Passive microwave satellite precipitation products provide crucial information on global rainfall and the only source of such information over much of the world. These products operate under the assumption that microwave brightness temperature (TB) is sufficient to constrain rainfall. This information, however, often represents multiple rain states, resulting in substantial and highly variable errors. Traditional error analyses use a reference precipitation dataset, often from rain gauges or radars, which are only available in limited portions of the world and can only represent the areas in which they operate. As such, much of the world is left without an objective quantification of satellite precipitation errors. The work of this dissertation aims to address this gap in error coverage by determine alternate methods by which they can be estimated.

Because satellite precipitation products utilize radiative information to attribute rainfall via a mathematical framework, the resultant errors can be expected to stem from assumptions within the framework itself and the radiative theory it exploits. To characterize these potential error sources and their effects, coincident GPROF Version 7, Global Precipitation Measurement (GPM) Microwave Imager (GMI), and GPM combined observations were examined over three tropical land regions known to exhibit distinct biases relative to one another. The interrelation between rain rate and ice-rain ratio (IRR) was identified as the primary descriptor of regional bias, which accounts for roughly 50% of the observed GPROF biases. Accounting for second-order effects further improves this, accounting for roughly 70% of the observed biases when considered with rain rate and IRR. Comparing the effects of these three parameters between GPROF Version 7 and the 1-D version of GPROF-NN showed similar improvements, indicating the utility of this error attribution across precipitation products.

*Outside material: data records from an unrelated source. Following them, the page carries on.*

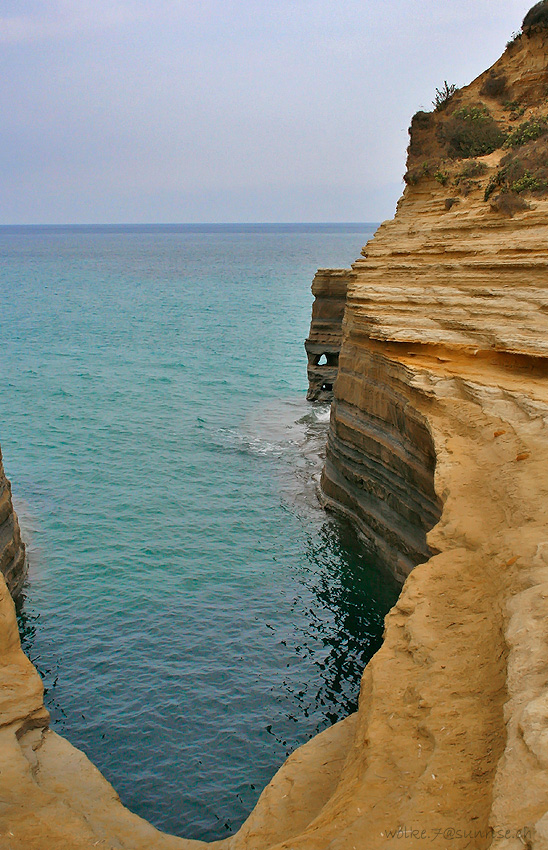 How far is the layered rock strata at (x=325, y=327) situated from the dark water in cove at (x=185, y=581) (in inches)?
64.6

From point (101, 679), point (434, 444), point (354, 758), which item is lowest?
point (101, 679)

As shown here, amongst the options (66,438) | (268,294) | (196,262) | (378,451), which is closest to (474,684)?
(378,451)

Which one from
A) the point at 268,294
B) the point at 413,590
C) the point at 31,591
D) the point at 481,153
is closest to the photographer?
the point at 413,590

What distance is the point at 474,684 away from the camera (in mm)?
7887

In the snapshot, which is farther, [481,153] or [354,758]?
[481,153]

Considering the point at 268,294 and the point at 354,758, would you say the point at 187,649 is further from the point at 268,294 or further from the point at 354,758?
the point at 268,294

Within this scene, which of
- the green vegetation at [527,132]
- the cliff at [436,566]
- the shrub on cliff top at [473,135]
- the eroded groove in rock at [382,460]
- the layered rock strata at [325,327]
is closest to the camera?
the cliff at [436,566]

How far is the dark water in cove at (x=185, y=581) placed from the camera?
516 inches

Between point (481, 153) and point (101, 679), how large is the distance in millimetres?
20893

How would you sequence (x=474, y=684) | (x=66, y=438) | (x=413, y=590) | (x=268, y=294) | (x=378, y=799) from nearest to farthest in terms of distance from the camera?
(x=378, y=799) < (x=474, y=684) < (x=413, y=590) < (x=66, y=438) < (x=268, y=294)

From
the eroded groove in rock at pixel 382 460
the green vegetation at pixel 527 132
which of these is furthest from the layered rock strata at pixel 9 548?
the green vegetation at pixel 527 132

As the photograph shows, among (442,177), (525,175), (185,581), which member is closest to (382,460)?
(185,581)

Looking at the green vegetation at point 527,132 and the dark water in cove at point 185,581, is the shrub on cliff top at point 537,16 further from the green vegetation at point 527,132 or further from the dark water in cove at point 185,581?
the dark water in cove at point 185,581

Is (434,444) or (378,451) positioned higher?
(434,444) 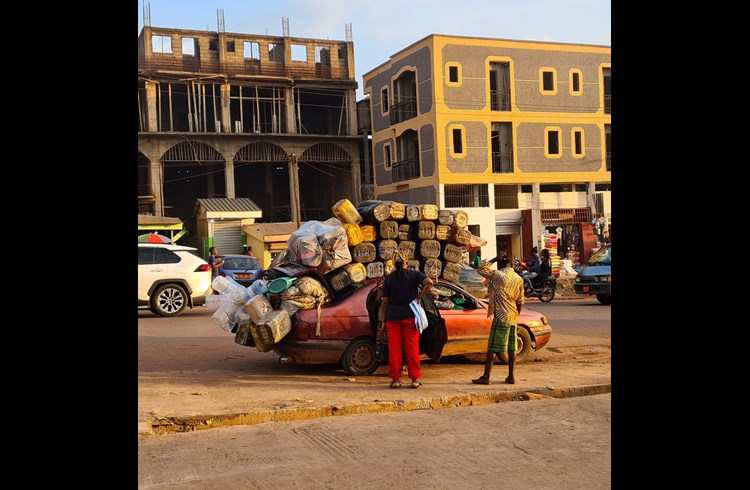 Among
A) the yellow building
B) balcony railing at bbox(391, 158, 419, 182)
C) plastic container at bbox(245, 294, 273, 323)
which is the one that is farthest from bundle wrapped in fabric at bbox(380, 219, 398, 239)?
balcony railing at bbox(391, 158, 419, 182)

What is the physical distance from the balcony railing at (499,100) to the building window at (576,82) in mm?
4362

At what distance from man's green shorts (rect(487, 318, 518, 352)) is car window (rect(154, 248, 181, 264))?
10.9m

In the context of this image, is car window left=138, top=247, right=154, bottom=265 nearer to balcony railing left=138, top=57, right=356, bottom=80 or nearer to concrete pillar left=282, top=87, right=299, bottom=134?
balcony railing left=138, top=57, right=356, bottom=80

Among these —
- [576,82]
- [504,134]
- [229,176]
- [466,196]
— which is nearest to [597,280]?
[466,196]

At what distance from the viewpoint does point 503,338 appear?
31.7 feet

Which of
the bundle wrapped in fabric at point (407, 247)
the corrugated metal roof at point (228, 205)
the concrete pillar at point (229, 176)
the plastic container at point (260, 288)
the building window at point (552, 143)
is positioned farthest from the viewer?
the concrete pillar at point (229, 176)

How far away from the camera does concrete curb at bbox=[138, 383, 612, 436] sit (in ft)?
25.7

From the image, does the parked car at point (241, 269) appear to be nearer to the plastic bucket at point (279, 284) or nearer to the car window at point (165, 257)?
the car window at point (165, 257)

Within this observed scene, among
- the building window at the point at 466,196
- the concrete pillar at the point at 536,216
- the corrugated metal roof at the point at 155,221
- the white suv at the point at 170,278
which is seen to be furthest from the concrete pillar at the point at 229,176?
the white suv at the point at 170,278

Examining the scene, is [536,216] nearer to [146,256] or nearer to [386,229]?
[146,256]

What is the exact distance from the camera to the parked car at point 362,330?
10047 mm

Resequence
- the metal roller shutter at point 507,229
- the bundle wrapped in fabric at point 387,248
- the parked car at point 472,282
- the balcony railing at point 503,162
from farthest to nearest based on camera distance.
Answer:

From the three error sources identified, IRR is the least available. While ice content information can be gathered by ground-based or spaceborne radars, these platforms have limited spatiotemporal coverage, complicating their use in operational products. Since the formation of atmospheric ice is driven by the incident environment, an investigation on this linkage was undertaken. Seven years of spaceborne radar and precipitation measurements from GPM taken over three tropical land regions were obtained to investigate this hypothesis. Five ice content regimes, as defined by ice rain ratio (IRR), were identified and found to relate to distinct precipitation regimes. These regimes were coupled with CAPE, TCWV and Tavg information from ERA5, which proved to both reproduce the spatiotemporal characteristics of the regimes and their effects on regional bias constraint. These effects appear largely unaffected by shifts in the input data and time series, showing that the environments in which certain precipitation regimes occur are generalizable to other locations and times.

Having now established the sources of error in passive microwave precipitation products and the ability of the large-scale environment to diagnose these sources, a method for quantifying these errors using ERA5 information was developed. This framework, termed the Satellite Precipitation Errors from Ancillary Data (SPREAD) model, utilizes support vector regression to directly predict product errors from the retrieval rain rate and ERA5 thermodynamic and kinematic information. Evaluations of SPREAD show promise in developing error estimates in the Tropics, where it was trained, while further work is needed to improve its ability to predict errors in regions outside of the Tropics. Investigations of the resolution sensitivity on the model indicates that SPREAD is most stable when assessing precipitation errors at large scales, reflecting the resolution capabilities of the ERA5 data. Though a prototype, the SPREAD model shows the capability of attributing satellite precipitation retrieval errors in cases where traditional validation analyses are not possible by leveraging information provided by the large-scale meteorological conditions.